One of the men I interviewed, pseudonym “Greg,” aptly summarized this phenomenon: “I feel that a lot of trans folk become activists, not because they necessarily want to, but because there is a certain amount of need. […] As you deal with prejudice on a daily basis, you start picking and choosing which battles are the most important to you and then you start educating the people around you. Even if they never intended for it to happen, I believe most trans people become accidental activists.”
I was also surprised to find that I was not alone in my childhood literary pursuits. “Wendy” told me, “When I was a kid, I learned to read at a really early age. I read anything and everything I could get my hands on. Even though I didn’t consciously realize it, I was desperately searching through literature to find any glimpse of other people who were like me.” Several other interviewees, including “Catherine” and “Erik,” echoed this sentiment.
Learning that there were others out there searching for the faintest glimmers of themselves in the literature crystallized my desire to find and archive stories that broke the narrow mold of how transgender identities are usually conceptualized. My intent was to tell stories, like mine, that were not often expressed in transgender literature.
It was critical to me that this project provide a platform for voices that, even within transgender spaces, are often left out of the conversation. As “Bella” pointed out, transgender history has often been whitewashed, and the stories of trans people have frequently been left out of the conversation. “Our voices have been silenced long enough,” she told me, “It’s about damned time that somebody let us tell our truths.”

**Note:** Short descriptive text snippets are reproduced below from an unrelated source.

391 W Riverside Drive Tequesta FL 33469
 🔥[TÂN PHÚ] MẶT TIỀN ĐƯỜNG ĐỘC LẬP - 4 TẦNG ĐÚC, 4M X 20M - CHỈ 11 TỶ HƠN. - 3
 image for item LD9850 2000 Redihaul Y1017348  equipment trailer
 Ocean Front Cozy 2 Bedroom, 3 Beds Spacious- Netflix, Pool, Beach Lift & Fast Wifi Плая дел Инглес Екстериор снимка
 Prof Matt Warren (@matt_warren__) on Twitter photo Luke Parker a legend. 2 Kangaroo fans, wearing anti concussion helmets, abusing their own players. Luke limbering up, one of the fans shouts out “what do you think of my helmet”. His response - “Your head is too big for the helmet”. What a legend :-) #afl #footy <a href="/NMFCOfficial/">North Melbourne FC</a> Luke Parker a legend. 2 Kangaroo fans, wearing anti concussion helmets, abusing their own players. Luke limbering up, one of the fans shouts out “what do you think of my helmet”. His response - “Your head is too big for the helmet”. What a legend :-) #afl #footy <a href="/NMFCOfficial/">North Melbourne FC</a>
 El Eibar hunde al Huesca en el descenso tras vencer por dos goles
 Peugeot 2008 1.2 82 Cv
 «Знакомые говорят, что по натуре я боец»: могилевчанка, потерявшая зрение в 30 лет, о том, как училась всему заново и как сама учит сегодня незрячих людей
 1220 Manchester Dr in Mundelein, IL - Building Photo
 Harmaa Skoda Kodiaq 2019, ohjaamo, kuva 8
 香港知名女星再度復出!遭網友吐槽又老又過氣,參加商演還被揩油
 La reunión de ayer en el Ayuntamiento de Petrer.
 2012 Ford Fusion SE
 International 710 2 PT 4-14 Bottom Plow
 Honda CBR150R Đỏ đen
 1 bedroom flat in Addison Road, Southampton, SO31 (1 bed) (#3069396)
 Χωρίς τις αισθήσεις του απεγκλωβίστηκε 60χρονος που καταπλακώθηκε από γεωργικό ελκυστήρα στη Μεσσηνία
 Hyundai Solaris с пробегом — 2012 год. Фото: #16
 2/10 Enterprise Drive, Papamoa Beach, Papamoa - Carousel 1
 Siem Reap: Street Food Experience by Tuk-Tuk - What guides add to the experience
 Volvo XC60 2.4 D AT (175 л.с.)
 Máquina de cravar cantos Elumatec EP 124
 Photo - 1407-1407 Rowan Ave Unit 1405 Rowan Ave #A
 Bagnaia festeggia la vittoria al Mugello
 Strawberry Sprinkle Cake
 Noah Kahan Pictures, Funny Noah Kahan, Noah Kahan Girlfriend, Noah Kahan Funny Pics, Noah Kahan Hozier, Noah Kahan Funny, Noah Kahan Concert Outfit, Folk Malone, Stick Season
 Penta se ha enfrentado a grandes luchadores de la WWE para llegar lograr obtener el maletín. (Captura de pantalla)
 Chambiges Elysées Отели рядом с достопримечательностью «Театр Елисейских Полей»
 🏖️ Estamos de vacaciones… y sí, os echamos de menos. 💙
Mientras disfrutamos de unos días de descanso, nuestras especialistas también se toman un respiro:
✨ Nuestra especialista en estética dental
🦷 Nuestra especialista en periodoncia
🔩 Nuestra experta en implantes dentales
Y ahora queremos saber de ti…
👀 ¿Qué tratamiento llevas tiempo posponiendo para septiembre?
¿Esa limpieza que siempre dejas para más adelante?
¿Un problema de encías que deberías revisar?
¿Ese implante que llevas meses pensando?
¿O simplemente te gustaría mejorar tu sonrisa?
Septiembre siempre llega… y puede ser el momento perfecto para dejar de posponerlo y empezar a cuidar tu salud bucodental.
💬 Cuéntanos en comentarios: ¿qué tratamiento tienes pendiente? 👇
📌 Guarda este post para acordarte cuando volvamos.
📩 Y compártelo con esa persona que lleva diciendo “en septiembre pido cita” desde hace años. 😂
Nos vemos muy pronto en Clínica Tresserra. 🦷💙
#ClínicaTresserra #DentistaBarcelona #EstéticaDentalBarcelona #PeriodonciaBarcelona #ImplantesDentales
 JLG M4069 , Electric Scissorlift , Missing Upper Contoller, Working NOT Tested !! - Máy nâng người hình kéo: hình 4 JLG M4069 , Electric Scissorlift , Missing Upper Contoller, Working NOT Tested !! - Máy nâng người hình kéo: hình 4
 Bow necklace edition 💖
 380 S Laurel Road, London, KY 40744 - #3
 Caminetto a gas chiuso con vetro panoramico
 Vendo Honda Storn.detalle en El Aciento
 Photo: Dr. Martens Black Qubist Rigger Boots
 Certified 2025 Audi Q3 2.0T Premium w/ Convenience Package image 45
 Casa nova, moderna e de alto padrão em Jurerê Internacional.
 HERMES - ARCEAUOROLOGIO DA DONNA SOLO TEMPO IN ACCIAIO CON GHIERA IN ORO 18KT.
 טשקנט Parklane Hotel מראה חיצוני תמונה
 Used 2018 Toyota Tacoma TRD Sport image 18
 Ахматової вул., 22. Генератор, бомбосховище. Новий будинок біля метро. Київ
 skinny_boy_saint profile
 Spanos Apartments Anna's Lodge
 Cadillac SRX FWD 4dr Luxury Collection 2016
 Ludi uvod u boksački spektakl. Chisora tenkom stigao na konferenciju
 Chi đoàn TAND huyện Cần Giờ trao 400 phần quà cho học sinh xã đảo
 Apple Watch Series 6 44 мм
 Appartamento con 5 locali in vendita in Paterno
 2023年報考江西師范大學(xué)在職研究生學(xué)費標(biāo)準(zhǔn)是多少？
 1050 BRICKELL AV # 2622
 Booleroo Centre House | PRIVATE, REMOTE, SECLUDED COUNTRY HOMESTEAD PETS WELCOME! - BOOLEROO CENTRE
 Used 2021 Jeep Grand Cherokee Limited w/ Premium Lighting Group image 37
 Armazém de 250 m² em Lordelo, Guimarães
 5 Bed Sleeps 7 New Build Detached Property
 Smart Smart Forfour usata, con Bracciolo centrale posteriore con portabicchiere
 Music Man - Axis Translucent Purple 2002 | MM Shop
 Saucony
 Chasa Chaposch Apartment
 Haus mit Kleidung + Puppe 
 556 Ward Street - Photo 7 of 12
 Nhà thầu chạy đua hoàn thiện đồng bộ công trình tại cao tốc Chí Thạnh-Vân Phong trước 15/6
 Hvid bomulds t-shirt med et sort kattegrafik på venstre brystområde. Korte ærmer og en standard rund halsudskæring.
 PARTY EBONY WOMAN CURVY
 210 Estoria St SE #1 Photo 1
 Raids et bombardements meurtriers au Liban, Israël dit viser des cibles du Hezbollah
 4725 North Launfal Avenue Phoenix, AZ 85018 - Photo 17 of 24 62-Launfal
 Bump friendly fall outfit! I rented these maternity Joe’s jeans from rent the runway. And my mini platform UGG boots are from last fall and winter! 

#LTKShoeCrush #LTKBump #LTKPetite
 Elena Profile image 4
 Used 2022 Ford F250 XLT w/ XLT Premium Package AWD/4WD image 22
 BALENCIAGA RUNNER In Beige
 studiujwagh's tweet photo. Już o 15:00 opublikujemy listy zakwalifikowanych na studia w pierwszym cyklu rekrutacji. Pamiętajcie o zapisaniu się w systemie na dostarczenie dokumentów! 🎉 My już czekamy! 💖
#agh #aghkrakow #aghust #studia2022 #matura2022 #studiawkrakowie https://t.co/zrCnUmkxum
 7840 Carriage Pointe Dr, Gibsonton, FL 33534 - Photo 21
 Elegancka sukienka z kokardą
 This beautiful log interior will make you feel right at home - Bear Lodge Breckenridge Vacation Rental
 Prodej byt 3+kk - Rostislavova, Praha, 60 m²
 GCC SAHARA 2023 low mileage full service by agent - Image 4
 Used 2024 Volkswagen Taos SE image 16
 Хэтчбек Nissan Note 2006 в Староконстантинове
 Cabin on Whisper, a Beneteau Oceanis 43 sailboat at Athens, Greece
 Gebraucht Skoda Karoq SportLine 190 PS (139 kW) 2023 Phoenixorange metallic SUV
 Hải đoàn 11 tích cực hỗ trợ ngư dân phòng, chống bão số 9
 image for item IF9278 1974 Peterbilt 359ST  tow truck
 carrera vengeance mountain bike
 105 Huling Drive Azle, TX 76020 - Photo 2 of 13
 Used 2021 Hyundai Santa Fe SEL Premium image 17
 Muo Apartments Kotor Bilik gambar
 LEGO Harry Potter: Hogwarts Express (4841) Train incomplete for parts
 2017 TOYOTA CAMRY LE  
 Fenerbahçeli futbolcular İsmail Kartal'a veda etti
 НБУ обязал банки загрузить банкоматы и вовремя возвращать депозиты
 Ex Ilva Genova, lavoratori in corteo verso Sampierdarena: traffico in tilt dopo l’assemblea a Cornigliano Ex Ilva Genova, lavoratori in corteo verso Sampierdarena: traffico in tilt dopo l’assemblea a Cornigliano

Ultimately, writing Trans/Portraits was a labor of love. I am so grateful that I had the opportunity to connect with so many remarkable trans and nonbinary individuals and that I was able to provide a platform that allowed each of them to share their incredible stories. Although I began writing this book with mild uncertainty about what I would find, the positivity and diversity I encountered in collecting these stories allowed me to finish this project with hope that others who are still searching for their truths might find themselves amongst these pages.